Assignment: Print the data that follows, exactly and completely.

Stored data entries
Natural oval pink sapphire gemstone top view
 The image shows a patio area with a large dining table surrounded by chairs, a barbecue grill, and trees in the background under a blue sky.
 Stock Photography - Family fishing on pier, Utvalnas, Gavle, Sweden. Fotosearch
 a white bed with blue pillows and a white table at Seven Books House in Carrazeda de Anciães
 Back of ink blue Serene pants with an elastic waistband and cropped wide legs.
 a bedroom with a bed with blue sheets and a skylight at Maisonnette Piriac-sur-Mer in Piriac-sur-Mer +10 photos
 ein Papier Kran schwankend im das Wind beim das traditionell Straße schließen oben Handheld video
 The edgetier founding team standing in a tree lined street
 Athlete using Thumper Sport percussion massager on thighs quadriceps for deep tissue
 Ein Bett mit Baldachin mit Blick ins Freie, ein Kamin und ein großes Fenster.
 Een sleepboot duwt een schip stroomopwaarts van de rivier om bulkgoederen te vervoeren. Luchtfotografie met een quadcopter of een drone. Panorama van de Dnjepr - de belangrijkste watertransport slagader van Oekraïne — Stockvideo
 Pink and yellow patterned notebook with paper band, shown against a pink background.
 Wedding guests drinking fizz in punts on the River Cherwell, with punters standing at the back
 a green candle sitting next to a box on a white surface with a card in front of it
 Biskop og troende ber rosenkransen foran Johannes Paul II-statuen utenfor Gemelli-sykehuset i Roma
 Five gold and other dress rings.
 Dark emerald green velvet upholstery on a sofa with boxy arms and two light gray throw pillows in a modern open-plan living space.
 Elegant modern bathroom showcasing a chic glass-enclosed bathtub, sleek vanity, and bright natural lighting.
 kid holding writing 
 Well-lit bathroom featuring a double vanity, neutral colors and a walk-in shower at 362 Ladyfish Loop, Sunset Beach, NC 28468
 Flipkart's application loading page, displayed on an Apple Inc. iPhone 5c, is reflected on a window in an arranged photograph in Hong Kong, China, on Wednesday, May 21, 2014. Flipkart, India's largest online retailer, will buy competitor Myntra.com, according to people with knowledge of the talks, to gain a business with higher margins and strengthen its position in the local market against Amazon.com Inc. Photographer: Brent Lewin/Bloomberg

Response box:
Natural oval pink sapphire gemstone top view
 The image shows a patio area with a large dining table surrounded by chairs, a barbecue grill, and trees in the background under a blue sky.
 Stock Photography - Family fishing on pier, Utvalnas, Gavle, Sweden. Fotosearch
 a white bed with blue pillows and a white table at Seven Books House in Carrazeda de Anciães
 Back of ink blue Serene pants with an elastic waistband and cropped wide legs.
 a bedroom with a bed with blue sheets and a skylight at Maisonnette Piriac-sur-Mer in Piriac-sur-Mer +10 photos
 ein Papier Kran schwankend im das Wind beim das traditionell Straße schließen oben Handheld video
 The edgetier founding team standing in a tree lined street
 Athlete using Thumper Sport percussion massager on thighs quadriceps for deep tissue
 Ein Bett mit Baldachin mit Blick ins Freie, ein Kamin und ein großes Fenster.
 Een sleepboot duwt een schip stroomopwaarts van de rivier om bulkgoederen te vervoeren. Luchtfotografie met een quadcopter of een drone. Panorama van de Dnjepr - de belangrijkste watertransport slagader van Oekraïne — Stockvideo
 Pink and yellow patterned notebook with paper band, shown against a pink background.
 Wedding guests drinking fizz in punts on the River Cherwell, with punters standing at the back
 a green candle sitting next to a box on a white surface with a card in front of it
 Biskop og troende ber rosenkransen foran Johannes Paul II-statuen utenfor Gemelli-sykehuset i Roma
 Five gold and other dress rings.
 Dark emerald green velvet upholstery on a sofa with boxy arms and two light gray throw pillows in a modern open-plan living space.
 Elegant modern bathroom showcasing a chic glass-enclosed bathtub, sleek vanity, and bright natural lighting.
 kid holding writing 
 Well-lit bathroom featuring a double vanity, neutral colors and a walk-in shower at 362 Ladyfish Loop, Sunset Beach, NC 28468
 Flipkart's application loading page, displayed on an Apple Inc. iPhone 5c, is reflected on a window in an arranged photograph in Hong Kong, China, on Wednesday, May 21, 2014. Flipkart, India's largest online retailer, will buy competitor Myntra.com, according to people with knowledge of the talks, to gain a business with higher margins and strengthen its position in the local market against Amazon.com Inc. Photographer: Brent Lewin/Bloomberg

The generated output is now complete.